Thrombosis is typical phenomenon for false lumen, seen in 50% of cases. If the intimal tear occurs in the presence of thrombus in the aneurysm, blood clots in acute aortic dissection true lumen could also be seen. If the false lumen is re-connected with the true lumen by re-entry tear, which would reduce the pressure in the false lumen to some extent. Then the false lumen increases blood flow leading to reduction of incidence rate of thrombosis [13, 14]. However, considering lower speed of blood in the false lumen and narrowed true lumen, together with no additional endothelial cells on the wall of the false lumen, the chance of thrombosis is relatively large in the false lumen. A larger prospective study may allow us to more accurately define which tear location is associated with spontaneous false lumen thrombosis.

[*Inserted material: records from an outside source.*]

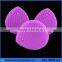 fashione cute heart shape facial brush for girls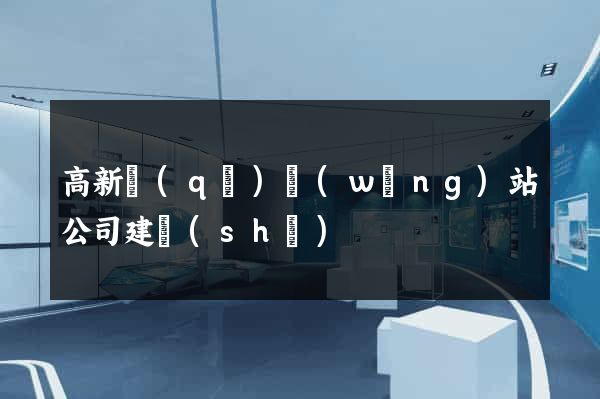 高新區(qū)網(wǎng)站公司建設(shè)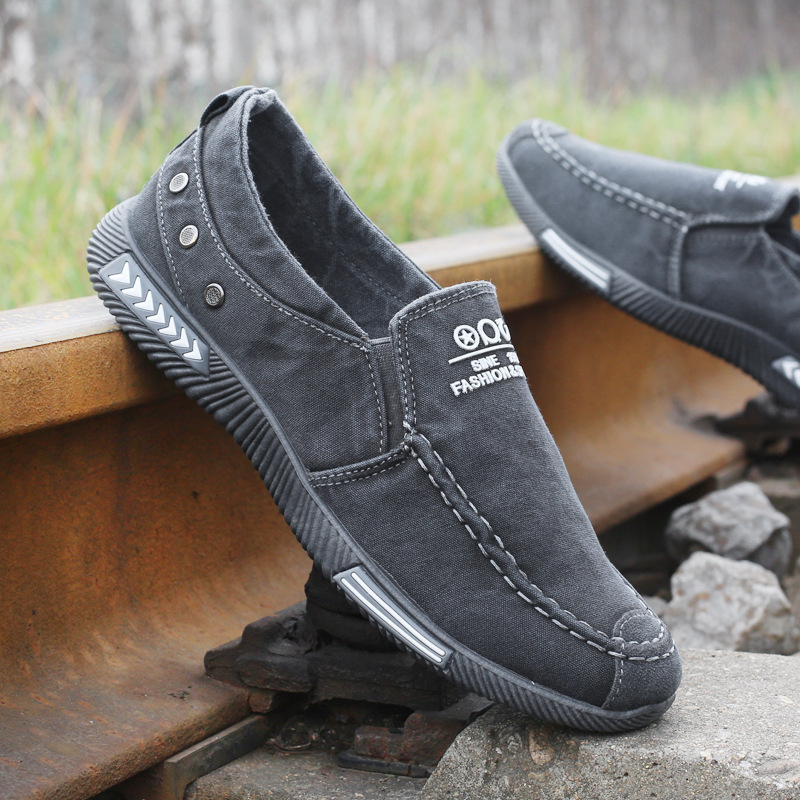 Chaussures en toile de luxe po - Loafer Slip On Men avis et prix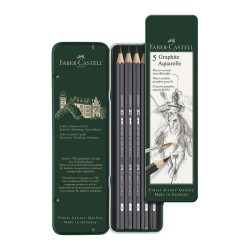 LAPIZ GRAFITO ACUARELABLE FABER CASTELL CAJA 5 UDS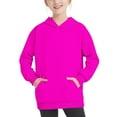 thumbnail image 2 of Hvobtty Toddler Sweatshirts, Toddler Fall Tops, Crewneck Oversized Hooded Sweatshirt Kids Fashion Long Sleeve Pullover for Girls and Boys Hot Pink 4-5 Years, 2 of 4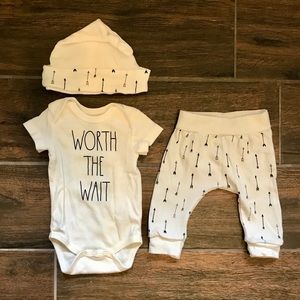 Unisex 0-3 Worth The Wait Set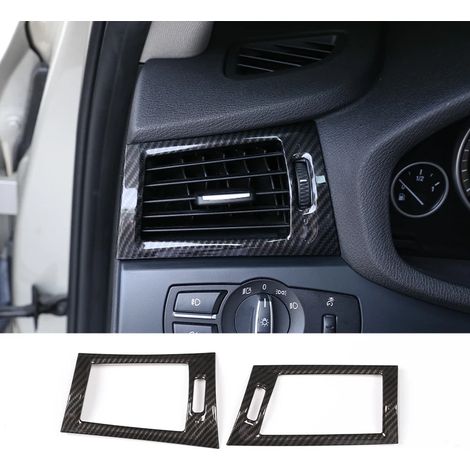 -10 Convient pour BMW X3 F25 2011-2017 - Autocollant décoratif intérieur en fibre de carbone pour panneau de commande central, volant et garniture de porte (1/4)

There are limitations in this study that need to be improved by further researches. First: the study ignored the vessel wall deformation and the hemodynamic changes. In consideration of a better physiological approach, the simulation should be done with fluid–structure interaction. Second: only two different entry tear changes in the RA and location were involved in our research. To get more comprehensive and accurate conclusion, we should select more subjects, change the tear numbers and the RA.

Conclusions

This study focuses on hemodynamic effects of different tear size and location of Stanford type-A aortic dissection. By the finite volume method, we use CFD(computational fluid dynamics) to do hemodynamic numerical simulation, then we accessed to aortic true and false lumens blood flow characteristics and hemodynamics changes of dissection development.

In this study, the following conclusions are obtained. First, the RA variation can significantly affect the hemodynamics of aortic dissection. Numerical simulation results show that the flow rate (velocity) in the true lumen is lower when the entry tear size is larger, and inversely, the flow rate (velocity)in the false lumen is higher. The false lumen,the proximal descending aorta and the wall near re-entry tear are prone to rupture more easily when the entry tear size is larger.

Second, entry tear location can significantly alter the hemodynamic characteristics of aortic dissection as well. When the entry tear is close to the proximal location, false lumen wall pressure is higher than the true lumen. Resulting that the false lumen have a continual expansion trend and there is compression on the true lumen. Wall pressure of the descending aorta in the true and the false lumen is unstable when the entry tear is near to the proximal descending aortic. Therefore, it may cause intimal fracture and further tearing. The ascending aortic false lumen TAWSS value is higher when the entry tear is close to proximal location, indicating that the risk of retrograde ascending aortic dissection needs attention.